President Joe Biden made his sales pitch on Wednesday for an infrastructure plan with a price tag of $2.3 trillion, a sweeping measure that includes $621 billion for transportation projects, $111 billion for water infrastructure and $100 billion for broadband.
“It’s a once-in-a-generation investment in America,” Biden said in a speech in Pittsburgh about his “American Jobs Plan.” He returned to the city in the swing state of Pennsylvania after having given his first 2020 presidential campaign speech there before a union audience.
“It’s big, yes. It’s bold, yes, and we can get it done,” he added.
The president’s infrastructure plan will unleash spending over eight years, the White House said in a “fact sheet” on Wednesday ahead of his speech.
The White House said proposed tax changes will “raise over $2 trillion over the next 15 years and more than pay for the mostly one-time investments in the American Jobs Plan and then reduce deficits on a permanent basis.” The changes include raising the corporate tax rate to 28% from 21%, hiking the global minimum tax on U.S. multinational companies, establishing what’s called a 15% minimum tax on book income, eliminating tax preferences for fossil fuels and ramping up enforcement against corporations.
“These are my ideas on how to pay for this plan,” Biden said during his speech, as he touched on the tax hikes. “If others have additional ideas, let them come forward. I’m open to other ideas, so long as they do not impose any tax increase on people making less than $400,000.”
Biden also promised to “bring Republicans into the Oval Office” and “listen to them.”
The $621 billion in transportation-related spending includes $115 billion to “modernize the bridges, highways, roads, and main streets that are in most critical need of repair,” $20 billion to improve road safety for all users, $85 billion to boost existing public transit and help agencies expand their systems, $80 billion to support Amtrak and other rail projects, $174 billion to help the U.S. electric-vehicles industry, $25 billion to aid airports, $20 billion for a new program to reconnect neighborhoods cut off by past infrastructure projects, and $17 billion to boost inland waterways, ports and ferries.

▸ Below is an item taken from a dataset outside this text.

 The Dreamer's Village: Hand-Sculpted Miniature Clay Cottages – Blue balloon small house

Biden’s plan would provide $400 billion for “the infrastructure of care in our country,” targeting the facilities or systems that care for the aging and those with disabilities, according to the White House.

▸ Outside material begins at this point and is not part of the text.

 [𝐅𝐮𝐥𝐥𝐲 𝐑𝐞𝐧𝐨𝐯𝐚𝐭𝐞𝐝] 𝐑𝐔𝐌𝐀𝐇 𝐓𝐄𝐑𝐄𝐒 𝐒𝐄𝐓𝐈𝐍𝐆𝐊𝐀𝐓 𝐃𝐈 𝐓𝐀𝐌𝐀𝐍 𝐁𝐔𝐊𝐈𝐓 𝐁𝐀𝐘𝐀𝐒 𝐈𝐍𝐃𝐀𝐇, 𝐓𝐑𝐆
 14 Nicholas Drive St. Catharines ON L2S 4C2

It also calls for $213 billion to “build, preserve, and retrofit more than 2 million homes and commercial buildings to address the affordable housing crisis,” $100 billion for power infrastructure, $100 billion for workforce-development programs and 100 billion to upgrade and build public schools.

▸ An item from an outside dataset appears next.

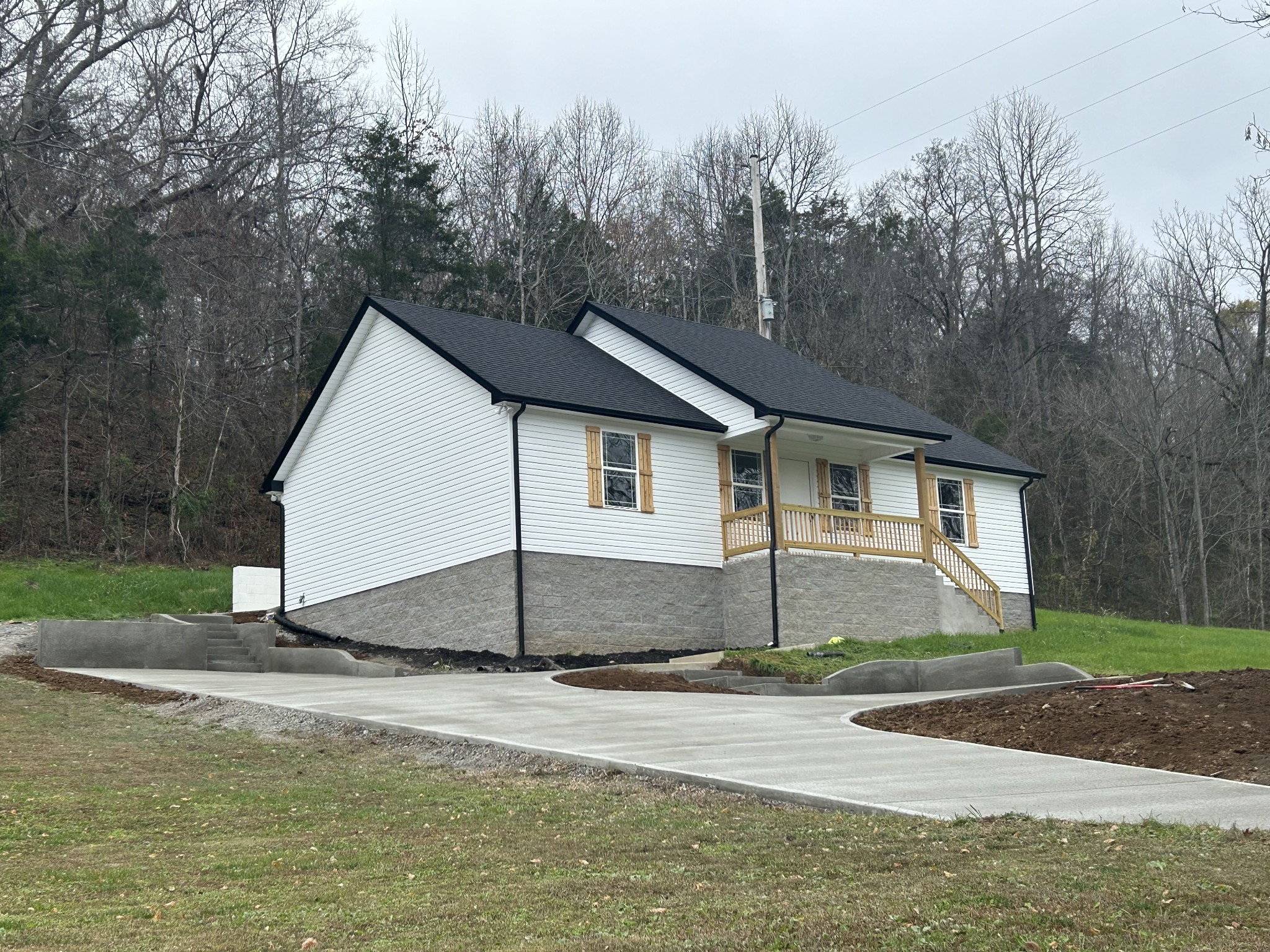 326 Leo Whitley Rd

In addition, there is $180 billion for public investments in research and development to advance U.S. leadership in critical areas such as computing and climate science, $300 billion to “retool and revitalize American manufacturers and small businesses,” $25 billion to help upgrade child-care facilities and increase the supply of child care and $18 billion for the modernization of Veterans Affairs hospitals and clinics.
“Although we think there is a reasonable chance that Congress will pass some form of the Biden plan, it will be tougher to pass this plan than it was to pass the COVID-relief bill,” said Brian Gardner, chief Washington policy strategist at Stifel, in a note Wednesday.
“Some divisions are already apparent among Democrats,” Gardner added. “For example, some northeast Democrats have threatened to oppose an infrastructure bill if the state and local tax (SALT) deduction is not restored, and progressives are upset that this proposal did not include more on climate change. Climate-related proposals will likely be included in a ‘human infrastructure’ plan that could include education, family care and health-care proposals.”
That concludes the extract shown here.